In videos, description and timestamps play an important role in the choosing process of the right video to watch. The main idea of the proposed project (Video Bite) is to generate description and times-tamps for videos automatically. Video Bite plays an extremely important role in reducing time consumption, as it shall save time for users from watching wrong unwanted videos and shall save time using timestamps and click-baits to watch only the desired part of the video. The summarizing of video will depend on frames,emotions and speech summarization, summarizing the video at first based on frames and then summarizing of the audio occurs and at last the fusion happens between both summarization in order to get a meaningful accurate description for the video.

1.1 Purpose of this document

The main purpose of this SRS document is to illustrate and outline the requirements for our graduation project (Video Bite). That is mainly generating summarized descriptions for videos based on their audio, video, and emotions all together. Besides creating timestamps for the video to describe what is happening in each part. Our aim is to save users who search for video time and make it easier for content creators to generate their own description.

1.2 Scope of this document

Our system Video bite is aimed to help people dealing with videos. It helps them to find accurate description for any video so they do not waste time watching unrelated videos. The users will get description and timestamps for the selected video. These will also help content creators to generate their video descriptions, keywords and timestamps.

1.3 System Overview

The proposed system implements a new way for summarizing videos based on their audio, video,and emotions all together. That aims to achieve a good readable and accurate description of video.
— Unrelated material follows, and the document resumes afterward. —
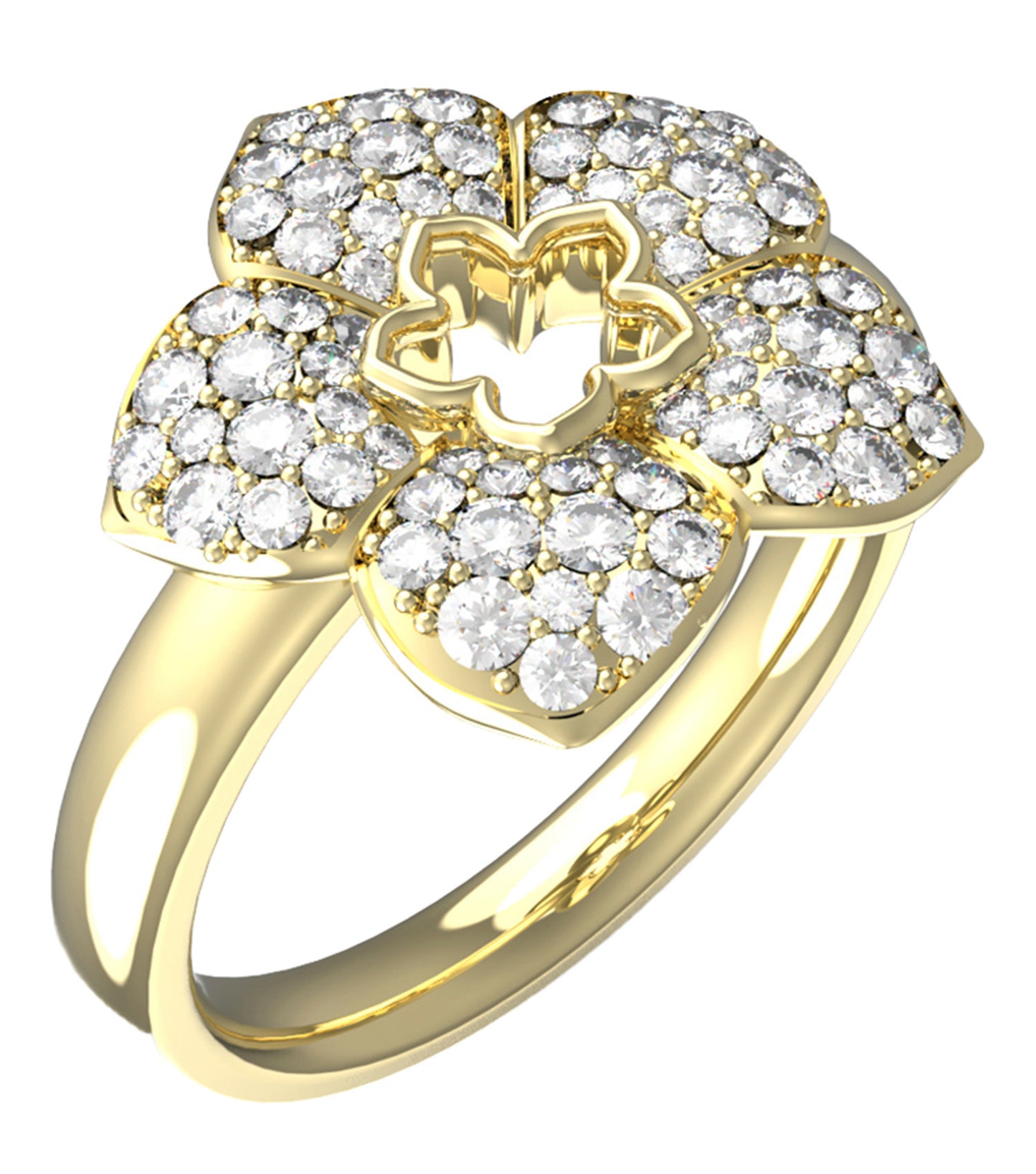 Women Guess Id Ring Gold 52mm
Moreover, the fusion of the summarized texts outputted from audio, video, and emotions. To get one summarized text at the end that could be a meaningful description for the video We conducted a survey to ask about the importance of videos for people. Also to check if they create videos or not and ask about their uploading process. Survey results showed that 73.5% of the respondents did not create or upload videos to any video platforms. However, for the 26.5% who do upload videos, 33.3% of them do not write a description for their videos . Sometimes, they write only a few words that do not describe the actual video content. 87.2% of them agreed if they had such a tool, they would use it.The proposed system overview is shown in figure 1 which includes the following steps:

1. Every couple of seconds, the video is separated into smaller videos. This splitting is done according to scenes hence each video into frames and audio.
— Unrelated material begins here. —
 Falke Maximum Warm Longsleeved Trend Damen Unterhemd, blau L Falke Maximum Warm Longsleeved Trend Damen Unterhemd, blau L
2. Each frame of the smaller videos frames is passed through the preprocessing phase. The frames and audio will be preprocessed by removing blurry scenes and noisy audio.

3. The audio is transcribed into text by applying speech to text recognition. The output is a text and then passed to LSTM and CNN models.

4. The three text outputted descriptions are fused together to output a summarized fused meanngful text.

5. Repetition of this process occur to complete the remaining of all smaller videos.

6. An abstractive summarization would be then applied to text using Natural Language Processing (NLP) techniques.

7. NLP is used to produce the video description and timestamps. Having cuts at the scenes and labeling it help finding it later.

1.4 System Scope

• Summarize the video according to frames.

• Summarize the video according to audio.

• Summarize the video according to emotions.

• Fusion these 3 summaries.

• Time-stamping video.

• Extraction of video’s main keywords.